• **Problem**: For the records below, print the lines from the line with "Autoridades se despedem de Luiz Dantas" through the line with "Honeiilemon OnlyFans Thumbnail #EftatXfCvE" exactly as written; include both end lines and exclude the rest.

• **Records for this exercise**:

━━━━━━━━━━

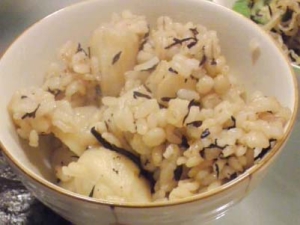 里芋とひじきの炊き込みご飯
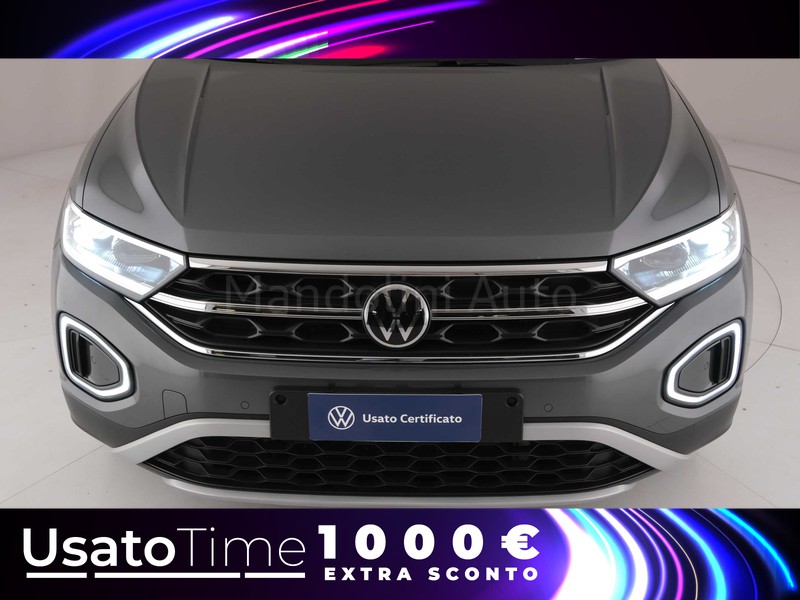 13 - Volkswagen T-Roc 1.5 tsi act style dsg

━━━━━━━━━━

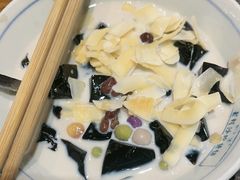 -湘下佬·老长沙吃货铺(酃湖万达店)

━━━━━━━━━━

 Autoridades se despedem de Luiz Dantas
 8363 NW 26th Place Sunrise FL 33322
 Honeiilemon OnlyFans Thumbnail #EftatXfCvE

━━━━━━━━━━

• **Answer space**:
 Autoridades se despedem de Luiz Dantas
 8363 NW 26th Place Sunrise FL 33322
 Honeiilemon OnlyFans Thumbnail #EftatXfCvE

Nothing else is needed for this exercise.